What the answer must hold is the line containing "a child sits on a tennis ball sculpture" and all lines after it through the end of the listing, copied exactly, with pictures left out.

■ RECORD SET ■
···
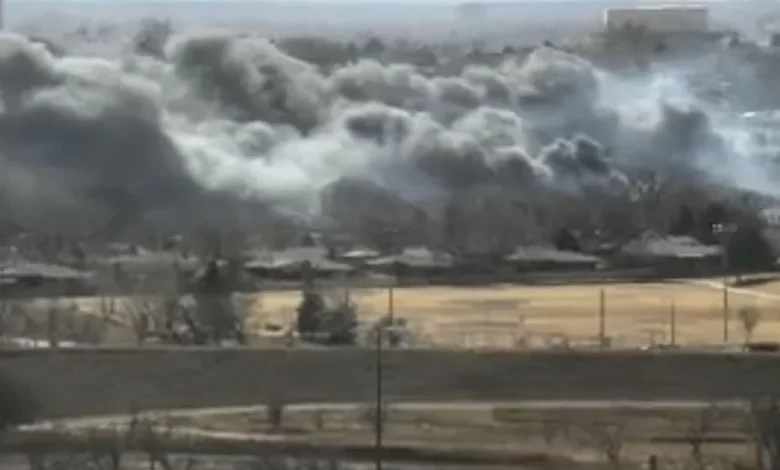 Black smoke billows across the Denver metro area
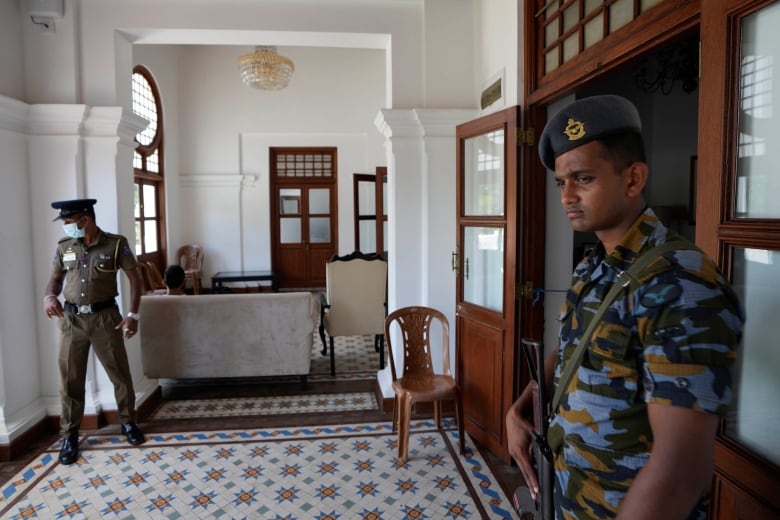 Two men with weapons stand on guard inside a building.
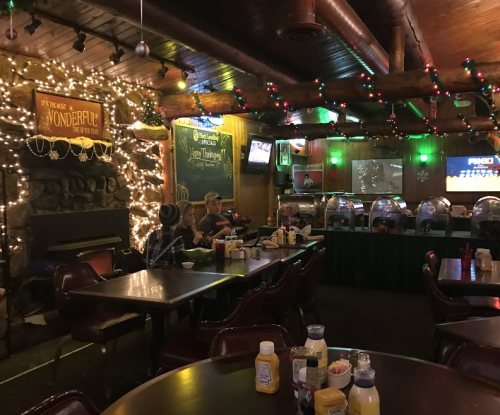 Cozy restaurant interior decorated with lights, featuring tables, a buffet, and patrons enjoying their meals.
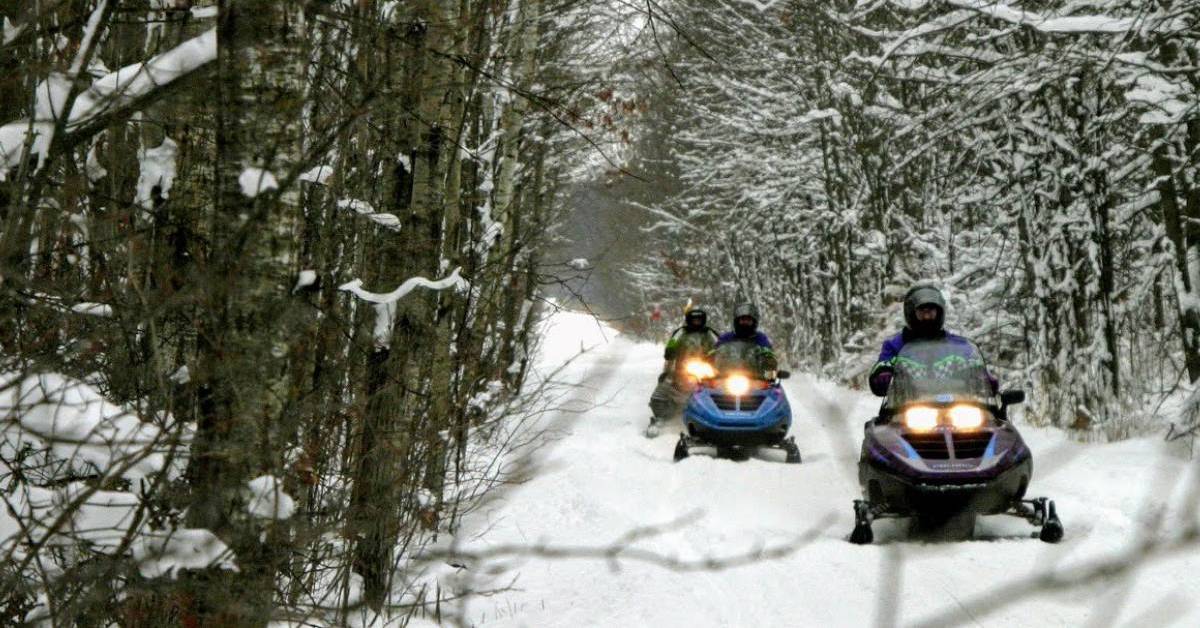 Rev Up Your Winter With a Snowmobile Adventure Near Lake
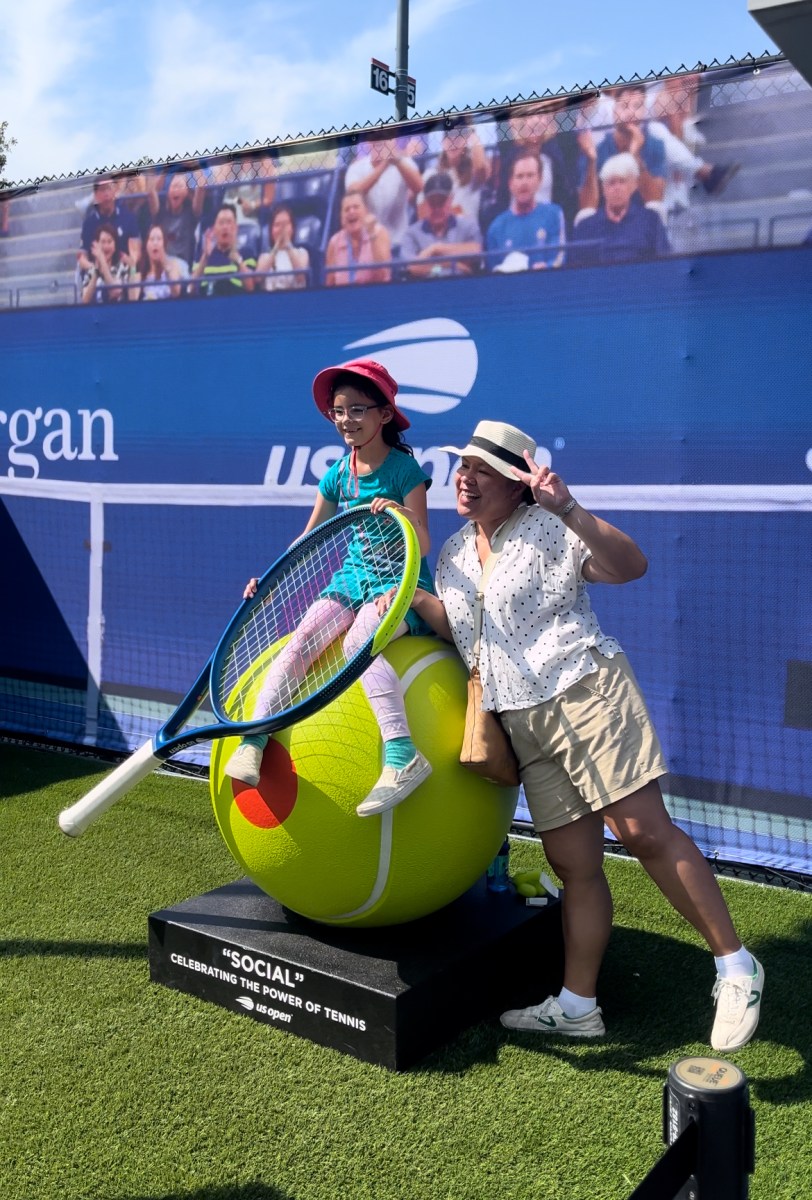 a child sits on a tennis ball sculpture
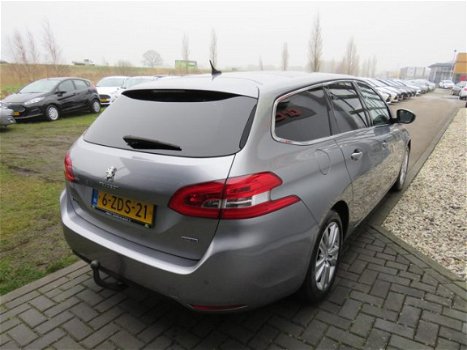 Peugeot 308 SW - 1.6 BlueHDI Blue Lease Limited Trekhaak Panoramadak Navi Clima PDC Bluetooth Cruise - 1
···
■ SOLUTION ■
 a child sits on a tennis ball sculpture
 Peugeot 308 SW - 1.6 BlueHDI Blue Lease Limited Trekhaak Panoramadak Navi Clima PDC Bluetooth Cruise - 1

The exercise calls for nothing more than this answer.